⟨

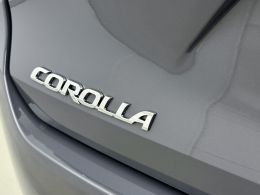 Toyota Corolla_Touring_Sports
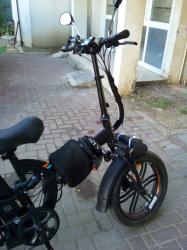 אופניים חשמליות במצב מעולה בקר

⟩
⟨

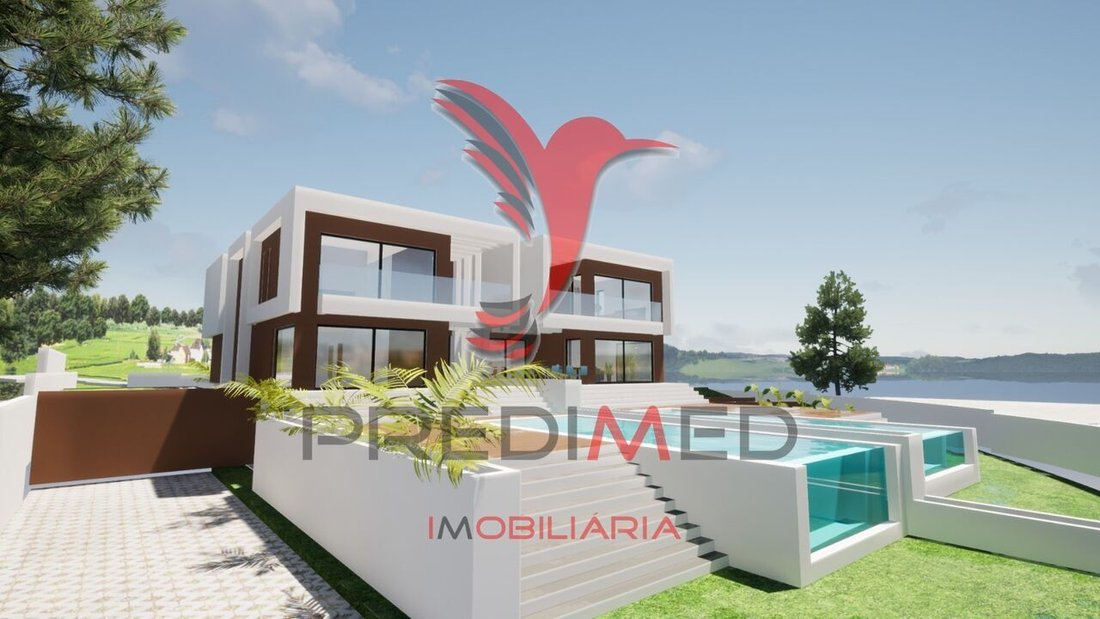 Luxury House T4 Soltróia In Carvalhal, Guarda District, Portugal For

⟩

**PROBLEM TO SOLVE:** Write down exactly what the lines above say, from the line holding "Toyota Corolla_Touring_Sports" through the line holding "אופניים חשמליות במצב מעולה בקר", and nothing more. Do not copy the pictures.

**TASK SOLUTION:**
 Toyota Corolla_Touring_Sports
 אופניים חשמליות במצב מעולה בקר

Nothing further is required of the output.